‘Big Data’ On Farm Brings Questions About Privacy

Source: Christine Souza, California Farm Bureau Federation

For more than a decade, beginning with the advent of global positioning systems, the use of precision agriculture on the farm has transformed into a whole style of technology that uses computers and satellites to know where the operator is in the field and then deliver the exact inputs needed to that location, says the California Farm Bureau Federation TODAY. This technology helps farmers improve yields, decrease inputs and reduce costs.

YET, some observers warn growers to understand what they are agreeing to regarding the use of their private data before approving a company’s terms of service.
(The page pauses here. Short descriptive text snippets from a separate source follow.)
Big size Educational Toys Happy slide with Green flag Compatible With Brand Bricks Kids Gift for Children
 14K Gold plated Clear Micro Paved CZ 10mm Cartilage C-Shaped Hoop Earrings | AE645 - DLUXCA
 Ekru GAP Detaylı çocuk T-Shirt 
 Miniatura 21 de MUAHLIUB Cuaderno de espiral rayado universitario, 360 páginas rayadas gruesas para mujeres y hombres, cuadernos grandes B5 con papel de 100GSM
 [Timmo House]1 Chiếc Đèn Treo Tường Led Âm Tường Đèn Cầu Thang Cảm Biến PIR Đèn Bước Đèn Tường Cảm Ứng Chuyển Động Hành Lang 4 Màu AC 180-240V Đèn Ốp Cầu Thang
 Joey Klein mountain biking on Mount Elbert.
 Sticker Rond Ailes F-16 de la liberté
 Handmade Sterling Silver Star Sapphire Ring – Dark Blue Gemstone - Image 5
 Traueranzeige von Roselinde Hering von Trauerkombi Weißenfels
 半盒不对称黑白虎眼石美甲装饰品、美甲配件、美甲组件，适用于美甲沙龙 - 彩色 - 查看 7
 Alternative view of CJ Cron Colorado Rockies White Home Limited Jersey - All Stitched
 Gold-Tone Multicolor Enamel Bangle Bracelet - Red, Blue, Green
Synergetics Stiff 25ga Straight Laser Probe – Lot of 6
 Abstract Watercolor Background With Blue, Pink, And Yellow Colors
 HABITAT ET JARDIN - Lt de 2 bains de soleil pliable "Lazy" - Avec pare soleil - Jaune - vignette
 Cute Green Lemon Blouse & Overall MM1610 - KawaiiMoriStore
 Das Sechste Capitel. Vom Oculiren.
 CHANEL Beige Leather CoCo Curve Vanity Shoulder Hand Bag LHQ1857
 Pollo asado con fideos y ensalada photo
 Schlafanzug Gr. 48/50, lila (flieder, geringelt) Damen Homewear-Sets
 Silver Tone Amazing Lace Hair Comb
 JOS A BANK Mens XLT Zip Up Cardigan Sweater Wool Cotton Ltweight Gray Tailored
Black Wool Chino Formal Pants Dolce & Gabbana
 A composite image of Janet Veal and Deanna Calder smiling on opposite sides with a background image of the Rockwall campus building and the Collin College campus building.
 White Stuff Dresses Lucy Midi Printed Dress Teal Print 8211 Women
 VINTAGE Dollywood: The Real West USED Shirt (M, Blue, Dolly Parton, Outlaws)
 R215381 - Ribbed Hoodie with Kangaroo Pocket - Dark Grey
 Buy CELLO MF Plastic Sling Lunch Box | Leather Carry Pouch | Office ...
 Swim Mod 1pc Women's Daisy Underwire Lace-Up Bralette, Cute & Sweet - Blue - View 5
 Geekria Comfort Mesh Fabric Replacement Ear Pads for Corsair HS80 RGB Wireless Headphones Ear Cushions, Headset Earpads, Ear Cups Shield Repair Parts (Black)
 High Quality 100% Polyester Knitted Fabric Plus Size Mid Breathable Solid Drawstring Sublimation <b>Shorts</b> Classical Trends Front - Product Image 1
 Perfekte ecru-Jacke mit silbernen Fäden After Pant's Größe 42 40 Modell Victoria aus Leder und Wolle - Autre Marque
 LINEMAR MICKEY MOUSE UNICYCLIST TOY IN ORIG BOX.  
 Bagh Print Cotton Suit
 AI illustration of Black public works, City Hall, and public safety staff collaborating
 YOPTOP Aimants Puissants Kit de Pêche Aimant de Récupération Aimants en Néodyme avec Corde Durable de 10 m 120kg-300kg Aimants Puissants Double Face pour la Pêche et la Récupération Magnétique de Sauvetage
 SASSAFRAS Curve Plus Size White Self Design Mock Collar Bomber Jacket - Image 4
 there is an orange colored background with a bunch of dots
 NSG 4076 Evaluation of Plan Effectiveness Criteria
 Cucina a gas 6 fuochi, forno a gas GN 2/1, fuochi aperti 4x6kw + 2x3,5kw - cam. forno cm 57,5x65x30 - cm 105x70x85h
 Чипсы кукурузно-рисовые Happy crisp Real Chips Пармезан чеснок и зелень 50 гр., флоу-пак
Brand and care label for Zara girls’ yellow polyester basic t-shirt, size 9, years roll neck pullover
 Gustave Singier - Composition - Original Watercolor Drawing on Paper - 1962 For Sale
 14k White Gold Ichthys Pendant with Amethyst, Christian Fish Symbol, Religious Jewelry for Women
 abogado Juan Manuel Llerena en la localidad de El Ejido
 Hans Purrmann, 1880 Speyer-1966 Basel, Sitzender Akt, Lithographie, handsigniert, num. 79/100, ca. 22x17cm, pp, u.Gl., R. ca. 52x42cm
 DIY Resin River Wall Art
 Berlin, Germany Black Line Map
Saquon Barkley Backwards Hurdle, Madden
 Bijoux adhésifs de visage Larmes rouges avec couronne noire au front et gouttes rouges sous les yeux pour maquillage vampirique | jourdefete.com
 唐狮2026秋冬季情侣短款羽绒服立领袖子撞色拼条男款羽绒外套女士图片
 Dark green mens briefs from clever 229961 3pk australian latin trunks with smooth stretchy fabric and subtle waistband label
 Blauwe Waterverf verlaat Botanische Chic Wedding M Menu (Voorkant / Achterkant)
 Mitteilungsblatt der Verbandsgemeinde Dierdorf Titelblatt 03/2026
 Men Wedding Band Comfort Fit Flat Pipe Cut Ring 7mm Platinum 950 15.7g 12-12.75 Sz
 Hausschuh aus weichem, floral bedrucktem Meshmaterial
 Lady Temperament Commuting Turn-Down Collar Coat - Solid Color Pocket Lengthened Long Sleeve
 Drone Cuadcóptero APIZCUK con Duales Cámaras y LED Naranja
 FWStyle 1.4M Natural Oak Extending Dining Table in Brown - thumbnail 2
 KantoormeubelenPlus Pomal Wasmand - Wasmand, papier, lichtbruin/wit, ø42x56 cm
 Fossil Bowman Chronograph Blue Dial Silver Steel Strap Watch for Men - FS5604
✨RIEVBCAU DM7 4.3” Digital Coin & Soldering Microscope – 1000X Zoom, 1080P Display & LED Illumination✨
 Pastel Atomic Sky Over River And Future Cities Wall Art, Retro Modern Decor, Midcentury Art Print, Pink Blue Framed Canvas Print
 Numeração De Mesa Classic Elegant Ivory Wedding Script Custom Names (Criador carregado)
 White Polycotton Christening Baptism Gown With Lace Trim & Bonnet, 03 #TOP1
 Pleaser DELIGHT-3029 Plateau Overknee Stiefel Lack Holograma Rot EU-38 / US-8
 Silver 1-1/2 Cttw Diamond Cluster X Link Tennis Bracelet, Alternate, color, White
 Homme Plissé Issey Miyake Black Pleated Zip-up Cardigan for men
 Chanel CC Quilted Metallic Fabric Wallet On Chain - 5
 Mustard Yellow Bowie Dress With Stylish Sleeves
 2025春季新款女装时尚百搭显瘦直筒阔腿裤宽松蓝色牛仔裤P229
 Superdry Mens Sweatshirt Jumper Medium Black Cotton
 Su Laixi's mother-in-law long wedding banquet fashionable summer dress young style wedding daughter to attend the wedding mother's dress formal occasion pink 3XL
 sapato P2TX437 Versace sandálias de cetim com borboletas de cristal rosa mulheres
“The new big-data technology provides a huge opportunity for farmers to increase their production and their efficiencies. However, it is important that farmers read the fine print and understand the privacy issues that surround release of their data,” said Mary Kay Thatcher, senior director of congressional relations for the American Farm Bureau Federation.

AFBF has reported an increasing amount of discussion about the ownership of data from various GPS planting and harvesting monitoring technology. For example, several seed and/or equipment companies offer farmers the option to store data from their monitors “on the cloud,” that is, on a Web-based service rather than on a personal computer.

If farmers select this option, the companies can access the data. In some cases, the companies will have real-time access to planting and harvest data. In other cases, broadband capabilities in rural areas may not be advanced enough for that to happen.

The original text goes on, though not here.